El ágora en Google Earth
L.E.
La democracia ateniense existió entre los años 508 a 321 a.C, siendo luego restaurada en en la era Helenística (hasta el 85 a.C.) por varios períodos que suman otros 200 años. Los ciudadanos rondaba los 30 mil sobre una población ateniense total de 300 mil (The Oxford Classical Dictionary, ed. 2003). Si bien los planteos de Pedro Olalla resultan polémicos, porque aún hay varias bibliotecas sobre el tema, la actual crisis de la democracia representativa —y del concepto de representante— obliga a actuar con coraje y a discutir las ideas a fondo.

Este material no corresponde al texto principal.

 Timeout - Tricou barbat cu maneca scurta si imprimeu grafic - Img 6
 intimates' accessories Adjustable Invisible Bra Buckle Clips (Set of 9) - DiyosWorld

Y nada mejor que un viaje metafórico y real como el que plantea Olalla visitando los sitios que refieren a Solón, a las profundas reformas de Clístenes, al cementerio del Cerámico donde Pericles pronunció su famosa oración fúnebre, los lugares donde se administraba la justicia, el barrio de los marmolistas donde Sócrates fue encarcelado y ejecutado (destacando el reciente hallazgo arqueológico de trece vasijas del tamaño de un puño donde se preparaba la cicuta para los condenados a muerte), el bosque sagrado donde estuvo la Academia de Platón, o las diversas esquinas históricas de la hoy moderna Atenas ocupadas por comercios de alta moda. Para Olalla esas esquinas poseen un simbolismo potente: "el ciudadano crítico sustituido por el consumidor indolente".
Lo ideal es tomar un avión y pasar unos días en Atenas libro en mano. Es pequeño, tiene menos de 200 páginas. Pero también las nuevas tecnologías como el Google Earth permiten hacer el recorrido. Casi todos los sitios mencionados pueden ser vistos en fotos digitales esféricas. La computadora, entonces, se convierte en una ventana al lugar donde fue posible la justicia.
GRECIA EN EL AIRE, de Pedro Olalla. El Acantilado, 2015. Barcelona, 192 págs. Distribuye Gussi.